Examen du rapport fidjien
La rapporteuse du Comité pour l'examen du rapport fidjien, Mme Patricia Nozipho January-Bardill, a rappelé que les coups d'État, en 1987 et en 2000 ont eu des conséquences tragiques pour le pays. Elle a souligné que la radiation du Forum constitutionnel des citoyens (FCC) avait été une décision politique découlant du fait que ce Forum remettait en question la dissolution du parlement et la prolongation du Gouvernement intérimaire. Mme January-Bardill a par ailleurs rappelé que lors de l'examen du cinquième rapport périodique des Fidji, le Comité avait souligné qu'une déclaration ou une déclaration interprétative ne pouvait être considérée comme une réserve et ne pouvait donc en aucune manière affecter la mise en œuvre de la Convention. Elle a indiqué que le Comité ne manquerait pas de réitérer sa recommandation visant à ce que les Fidji revoient la réserve qu'elles ont prononcées à l'égard de l'article 5 de la Convention. Mme January-Bardill a indiqué ne pas bien comprendre le refus des Fidji de souscrire aux dispositions de l'article 4 de la Convention relatives à l'interdiction des organisations qui cherchent à promouvoir la haine raciale. Dans un pays comme les Fidji, où il y a des tensions raciales, l'adoption d'une législation telle que celle envisagée dans cet article semble essentielle, a-t-elle estimé. Elle a par ailleurs relevé que la question de la composition du Cabinet des Fidji est encore devant les tribunaux.
La rapporteuse s'est dite encouragée par l'ambition affichée par les Fidji de s'attaquer aux disparités socioéconomiques dans le pays. Il n'en demeure pas moins que la Constitution du pays ne définit pas la discrimination, ne mentionne pas les métis et semble organiser la suprématie d'un pouvoir politique autochtone. Certaines critiques soulignent en outre que le Gouvernement fidjien continue de politiser la culture, l'identité et l'ethnicité et que les personnes ne bénéficient de droits que lorsqu'ils correspondent à l'élite telle qu'elle est conçue dans l'imaginaire national et lorsqu'elles appartiennent à la principale ethnie. En outre, les politiques foncières semblent violer la Convention en ce sens qu'elles sont favorables à une partie seulement de la population, à savoir les Fidjiens autochtones, a par ailleurs fait observer Mme January-Bardill. Dans quelle mesure la Commission des droits de l'homme des Fidji a-t-elle participé à l'élaboration du rapport, s'est-elle par ailleurs enquise?

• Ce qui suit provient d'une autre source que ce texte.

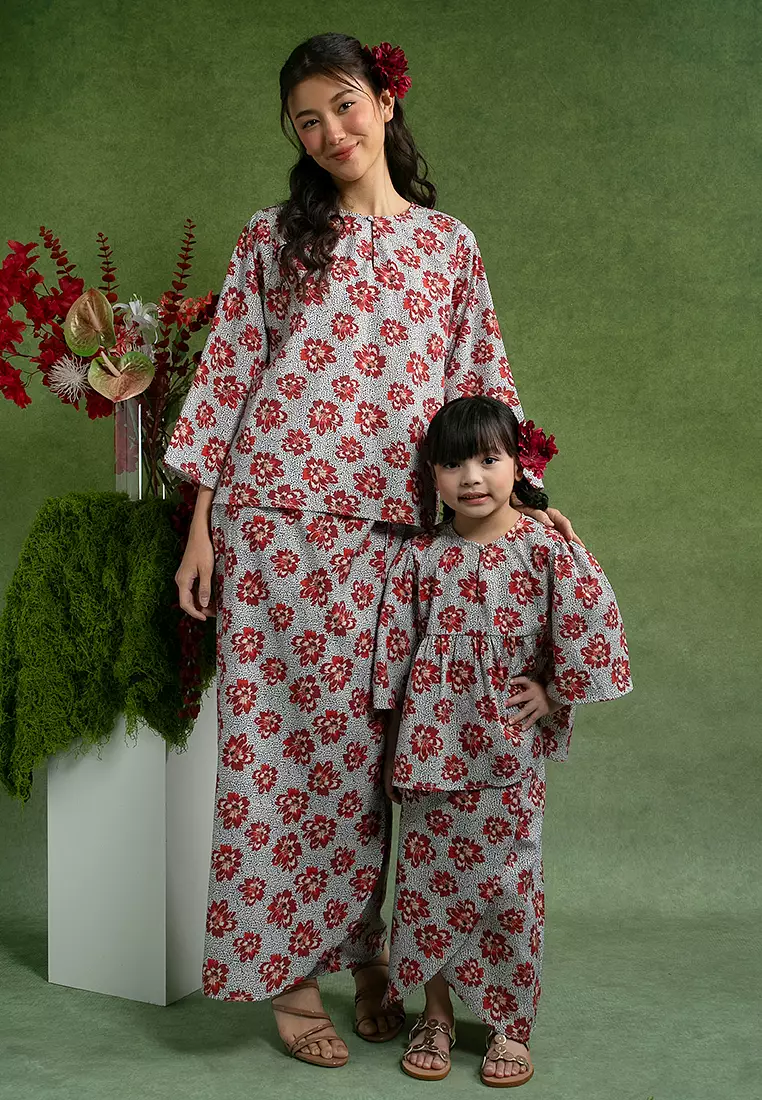 Miza Kurung Set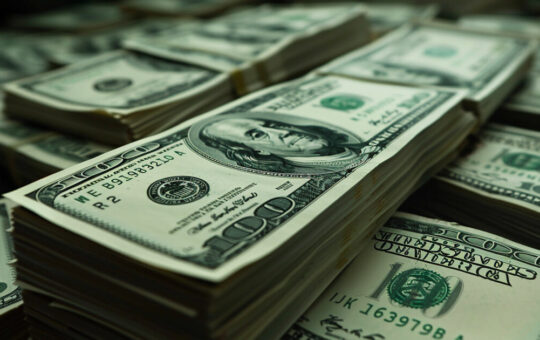 Crypto VC funds struggle to capture money as startup fundraising rebounds in 2025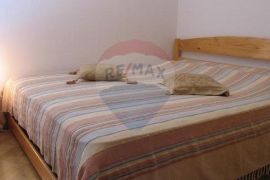 Baška-Batomalj-prodajemo vilu s pet apartmana, od mora 1,5km, bazen, Baška, Haus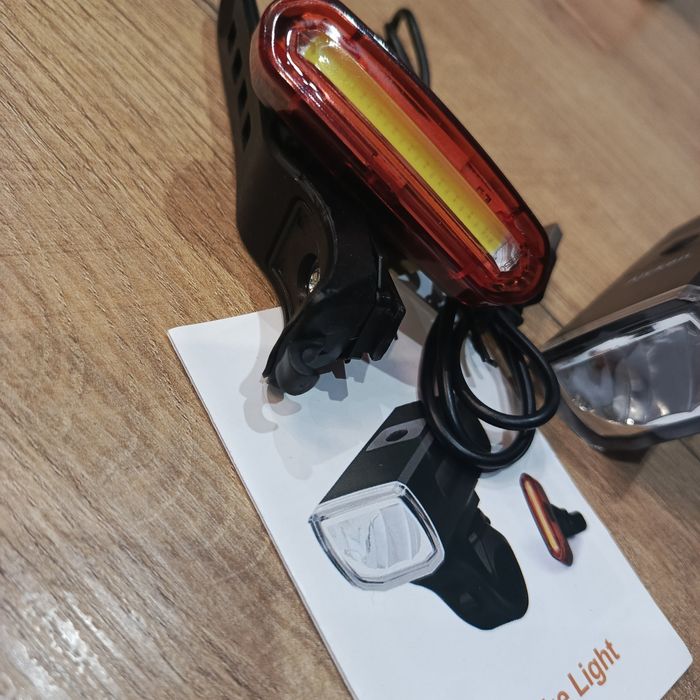 Komplet oświetlenia do roweru przód i tył z mocowaniami ładowane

En résumé, Mme January-Bardill a indiqué nourrir des préoccupations s'agissant, en particulier, de la politique foncière (qui viole l'article 3 de la Convention); du non-enregistrement du Forum constitutionnel des citoyens (FCC); et de la législation sur la discrimination positive, qui semble avoir un impact négatif. Bien sûr, une discrimination positive peut s'avérer nécessaire pour redresser des faits historiques, mais si l'effet est contraire au but recherché, le Comité ne peut qu'exprimer sa préoccupation, a souligné Mme January-Bardill.
Plusieurs membres du Comité ont souligné que des divergences persistent entre cet organe et les autorités fidjiennes s'agissant en particulier de la question des réserves et des déclarations interprétatives que le pays à émises s'agissant de nombreuses dispositions de la Convention. Un expert a relevé l'étendue assez exceptionnelle de ces réserves. Plusieurs experts ont relevé que les Fidji n'ont pas fait la déclaration prévue au titre de l'article 14 de la Convention (concernant la reconnaissance de la compétence du Comité pour recevoir et examiner des plaintes individuelles) au motif que l'effet global des différents recours disponibles aux Fidji en vertu du droit interne et du droit international est déjà tout à fait considérable, et ce, alors que la Conférence de Durban avait appelé les États à faire cette déclaration.
Parmi les motifs de préoccupation soulevés par les membres du Comité, figurent le taux de suicide particulièrement élevé - selon certaines ONG - au sein de la population indo-fidjienne; les attaques racistes dont seraient victimes les Indo-Fidjiens; l'action affirmative mise en place par les autorités; le statut des différentes langues parlées aux Fidji; la question du délit de sédition.